Modern vehicles have an onboard computer that provides diagnostic reports and generates codes when problems arise. Porsche will use these computers in combination with big data to offer industry-revolutionizing cloud-based diagnostics to keep the vehicle in its best condition.
What exactly is a Porsche digital twin?
Autoblog said that the Porsche digital twin is a data aggregation software that classifies, analyzes, and predicts events along the car's product lifecycle to recommend the appropriate actions. Any issues that occur on a connected Porsche model are stored in a digital record. The same data can provide value in the future if another model starts to show signs of a similar issue.
In essence, car owners get an online replica of their car with a data-based “mechanic” to give insight on impending problems and other ways to enhance their driving experiences.

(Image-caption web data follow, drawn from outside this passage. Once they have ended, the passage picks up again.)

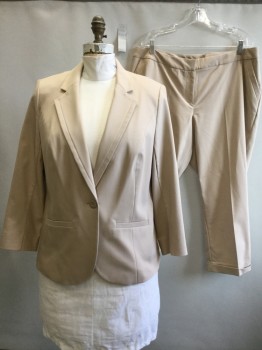 Womens, Suit, Jacket, LANE BRYANT, Tan Brown, Cotton, Polyester, Solid, 18, Single Breasted, Collar Attached, Notched Lapel, 1 Back,  2 Pockets
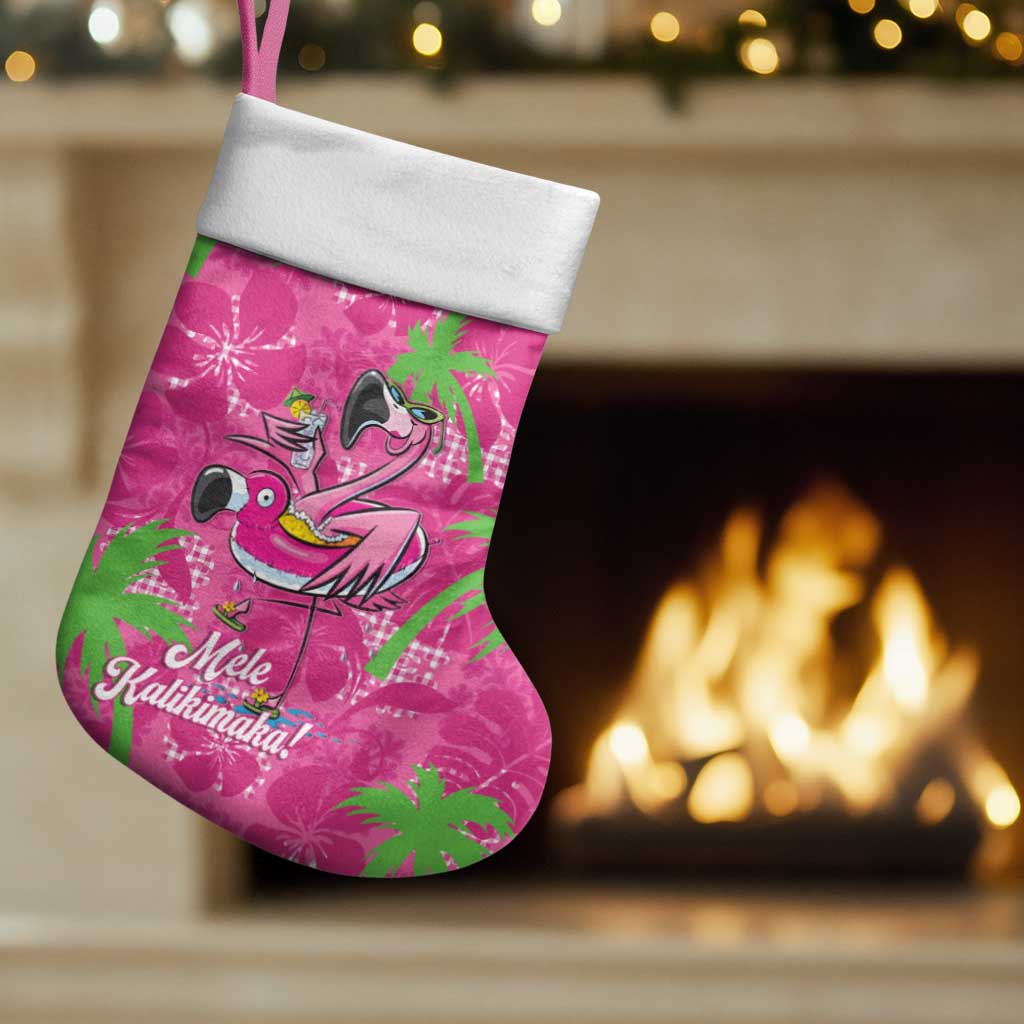 Aloha Hawaii Christmas Stocking Mele Kalikimaka Chill Flamingo Palaka Quilt Motifs LT14 Set of 2 Pink - Polynesian Pride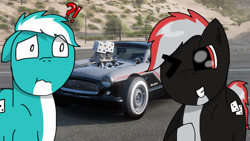 Size: 622x350 | Tagged: safe, artist:foxfer64_yt, oc, oc only, oc:nathaniel metro (fl), earth pony, pony, car, confused, duo, forza horizon, hot wheels, male, nash metropolitan, stallion, toy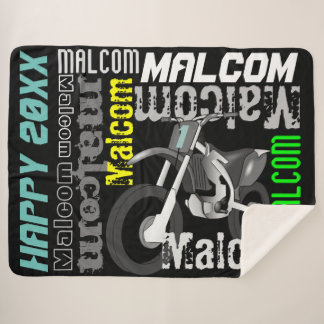 Couverture Sherpa Nom de moto de cross Typographie couleur personnal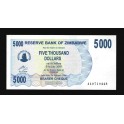 Zimbabwe Pick. 45 5000 Dollars 2007 UNC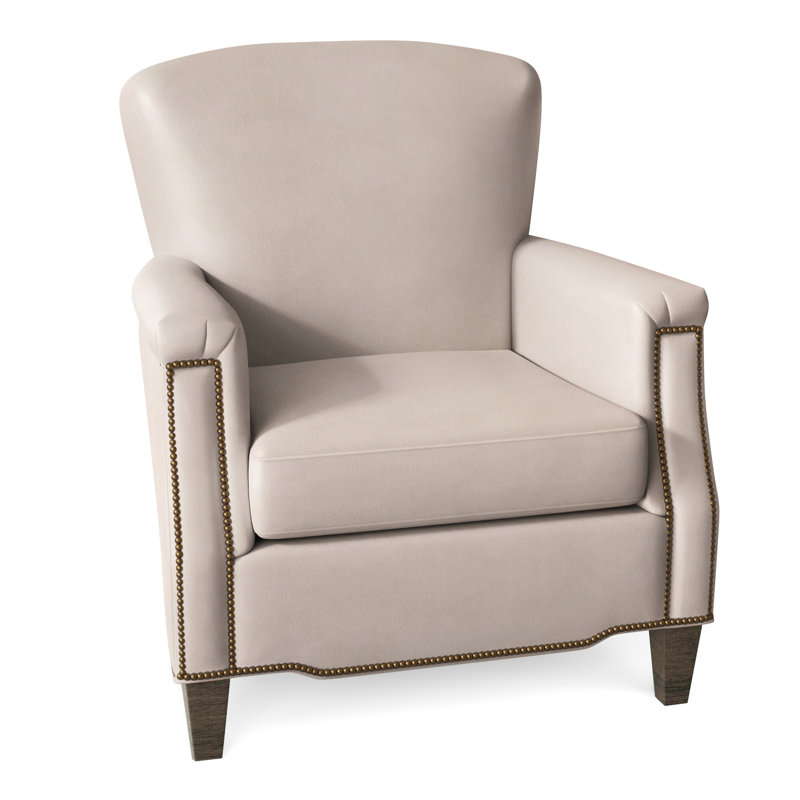 Vincent Armchair, French Natural, Rio Mineral Genuine Leather, Cobblestone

Porsche will include data from other Volkswagen models to increase data points and help drivers make informed decisions.
Porsche's digital twin can help car owners avoid specific issues and reduce the overall cost of repairs, as the digital twin will alert the owner long before a serious issue occurs. Big data can help the carmaker determine weaknesses and recurring problems on a car to help improve future models.
The Porsche digital twin focuses on the chassis
Porsche's big data project focuses on the chassis. This is because the chassis is subjected to the greatest loads, particularly when the car is moving at high speeds. The chassis contains several intelligent neural algorithms on its onboard computer that detect and notify the driver of any faults in the system.
The carmaker is already using a digital chassis in various simulated test scenarios. This way, it can view the interactions between different components as the vehicle accelerates and moves on different terrains.
When drivers subject their vehicles to similar loads, the data collected by the onboard computer is checked against data from simulated scenarios. If there is a disparity in performance, the software tries to determine what could be wrong. This can be communicated to the car owner through the computer for easy diagnosis.
The software will also work for other areas of the vehicle besides the chassis. You will still get alerts if any of the other parts develop a problem. This innovation starts with the upcoming Porsche Taycan.
User privacy is guaranteed with the digital twin
Many car owners are worried that Porsche may collect more than just the chassis data for the digital twin. However, according to Porsche, the customer will control the kind of data that will be collected. Before the carmaker starts to build the digital profile of the vehicle, car owners need to give their consent.
If any other data is required, the car owner will be notified via PCM. The data is not accessible by third parties and will not be sold. Porsche has also built several security layers to ensure data and communication safety.